The Most Common Threats to Your A/B Test’s Validity
Remember, just because your test reached statistical significance doesn’t mean that it measured what you thought it did. It’s reliable at that point — meaning that if you tested those two pages against each other again, chances are you’d come up with the same result.
That is, of course, unless one of the following validity threats poisoned your data. Here’s what you need to watch out for.
The Instrumentation effect
If you fall victim to the instrumentation effect, it means that somewhere along the line, the tools you used to conduct your test failed you — or, you failed them.
That’s why it’s important not to skip step 6. Have you checked and double-checked that your experiment is set up correctly? Are all your pixels firing? Is your data being passed to your CRM system?
After you’ve confirmed that everything is set up the way it should be, keep a close eye on your tools’ feedback throughout the test. If you see anything that looks out of the ordinary, check to see if other users of your software have had similar problems.
Regression to the mean
Saying that your test “regressed to the mean,” is just a fancy way of saying “the data evened out over time.”
Imagine that you developed a new variation and your first 8 post-click landing page visitors convert on your offer, and the page’s conversion rate is an astonishing 100%. Does that mean that you’ve become the first one to create a perfect post-click landing page?
No. It means that you need to run your test for longer. When you do, you’ll find that your test will regress back to the “mean,” or, within the “average” range after a while.
Keep in mind, this regression to the mean can happen at any time. That’s why it’s important to run your test for as long as possible. Digital marketer, Chase Dumont, found that it occurred six months after he began testing:
At first, the original version outperformed the variable. I was surprised by this, because I thought the variable was better and more tightly written and designed.

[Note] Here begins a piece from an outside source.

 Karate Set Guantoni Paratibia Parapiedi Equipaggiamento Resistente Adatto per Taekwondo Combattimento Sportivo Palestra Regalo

And, despite that big early lead in conversions to sales (as evidenced by the big blue spike up there – that’s the original version outperforming the variable), with time the variable eventually caught up and surpassed the original sales page’s numbers.
The longer your test runs, the more accurate it will be.
The novelty effect
This can be a confusing validity threat. Let’s use our button color example again to demonstrate.
Imagine you change your button color to green after 5 years of featuring a blue button on all your post-click landing pages.
When your variation goes live, there’s a chance that your visitors click the new green button not because it’s better, but because it’s novel. It’s new. They’re used to seeing blue but not green, so it stands out in their mind because it’s different than what it used to be.
Combat the novelty effect by targeting first-time visitors who aren’t used to seeing your blue button. If they click it more often than your blue button, then you’ll know that one is better than the other. They’re not used to seeing either color.
The history effect
Remember, factors completely out of your control can affect your A/B test’s validity. Those who fall victim to the history effect are people who don’t keep an eye out for real-world issues that can poison their data. These things include, but aren’t limited to:
- Server outages
- Natural disasters
If you’re running ads on Twitter and the social network goes down, it’ll affect the outcome of your test. If you’re testing a post-click landing page that offers a webinar on a holiday, it probably won’t generate the same number of conversions that a webinar scheduled to take place on a workday will. Keep the history effect in mind when you test your own post-click landing page.
The selection effect
Testers whose data is ruined via the selection effect have accidentally chosen a particular sample that’s not representative of their target audience.
For example, if you’re a B2B software provider and you run ads on a website that’s largely visited by B2C marketers, this will skew your test’s results.
Make sure that when you’re building your test, you target an audience that represents your target customer.